Monday 25 November 2013

What do I want?

So this weekend I spent Saturday wandering around Home-ware stores with my mum fantasising about how we would kit out our homes if:
1) I won the lottery and bought a cottage down by the sea
2) Mum kicked my brother and sister out and had the place to herself

I feel more motivated now to make that dream come true. I can actually visualise it, and we all know what happens when you visualise… :D

I'm still very wistful about my situation with him but I guess it's all part of letting go of those dreams you had of your future together. Just because he's no longer part of them, doesn't mean I can't still have what I dreamed of.

A lot of my friends are studying hard to better their present situations, putting in the work now preparing for the future and I feel like I've been neglecting that for a long time.

A lot of it comes from the reality of me just not knowing what I want out of life; and a situation one of my closest friends is going through has made me question how much importance I put on financial stability, career stability and overall 'SUCCESS' when all I want is to be happy, and in fact striving to achieve these things makes me unhappy… hmmmmmmm.

I found this interesting article on LinkedIn about being bored rather than busy, and this snippet made SO much sense:

"So many of us desperately want to feel alive—but instead, we’re left chasing our own tails, always hoping that this next thing will be the thing that saves us.

It’s sort of like what happens when you want something to eat, but you aren’t sure what. So you start by making yourself a sandwich, but soon realise that wasn’t it. So you go for some potato chips, but that wasn’t it. So you have a few spoonfuls of ice cream, but that wasn’t it. So you migrate to leftover spaghetti, but that doesn’t do the trick either.

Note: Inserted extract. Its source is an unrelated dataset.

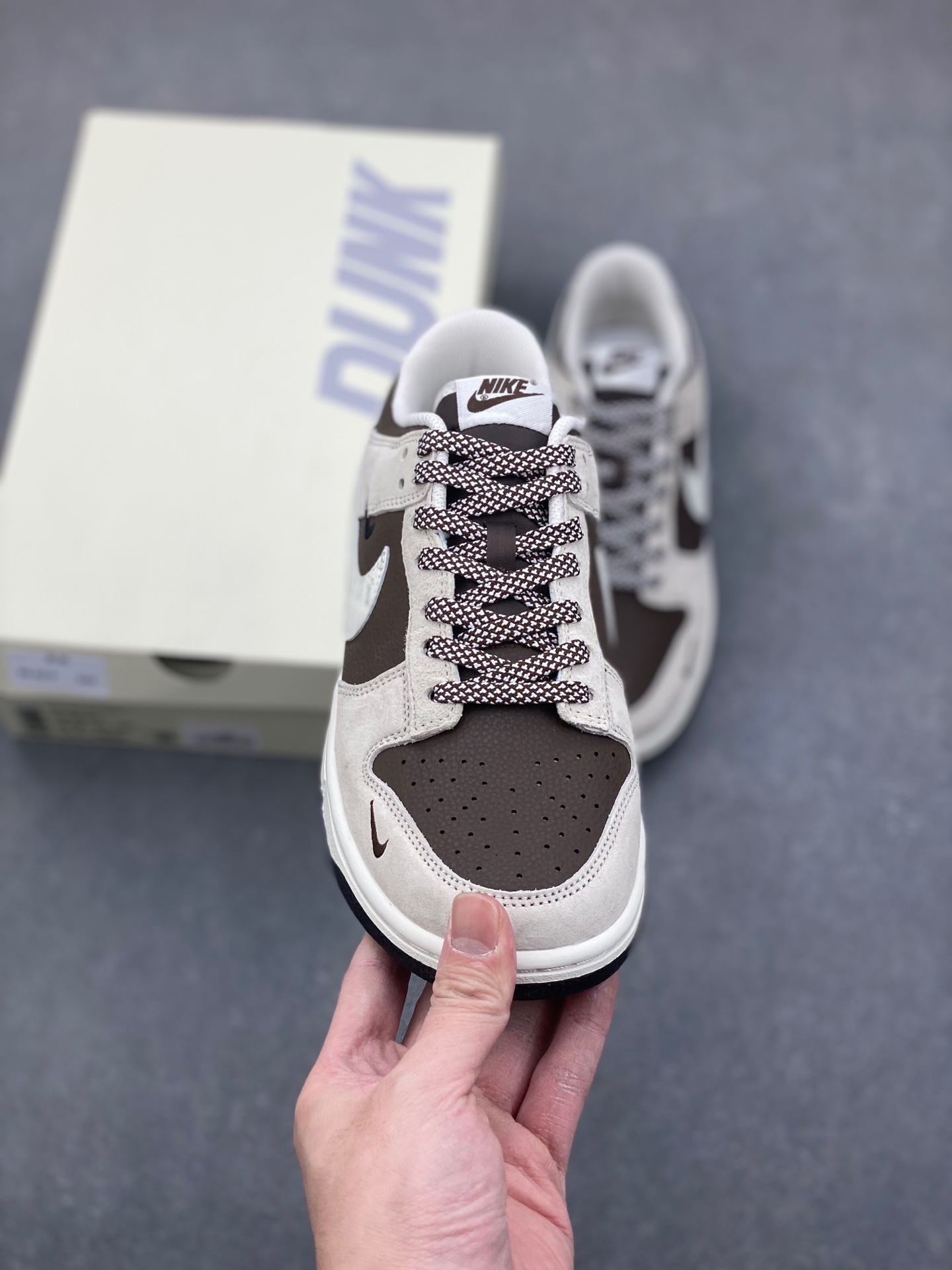 Nike SB Dunk Low Stussy Collab Brown Leather Casual Skateboarding Shoes 2 i1736194655174 1915 0 1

Now you’re onto a bag of marshmallows, but STILL NOT HITTING THE SPOT, and the more you eat, the more annoyed you get, because even though you’re stuffed you’re still craving that ONE THING and you don’t know what it is so you go ahead and HELP YOURSELF TO EVERY REFRIGERATOR!"

So what do I want?

Love, in the romantic sense :)
Always top of my list and presently an area I'm not doing well in AT ALL

A place in the country
I'm only going to be able to own if I win the money, have it bought for me or cease having a social life for the rest of my days in order to save the money myself

To go on a Salsa holiday for a couple of weeks
Cuba, South America

To work for myself
Doing what, I've no idea yet :) to be brainstormed in 'What do I want: part two'

Family
And by that I mean one of my own; children, a husband/better half, family dog… eventually

They say life is what you make it and I think a lot of people make it about money & success, but to whose definition of the words?!

For me, if I manage to GET that cottage/house by the sea I'll know that I have definitely succeeded in something - who wouldn't be happy watching the sunset across the sea from their own garden?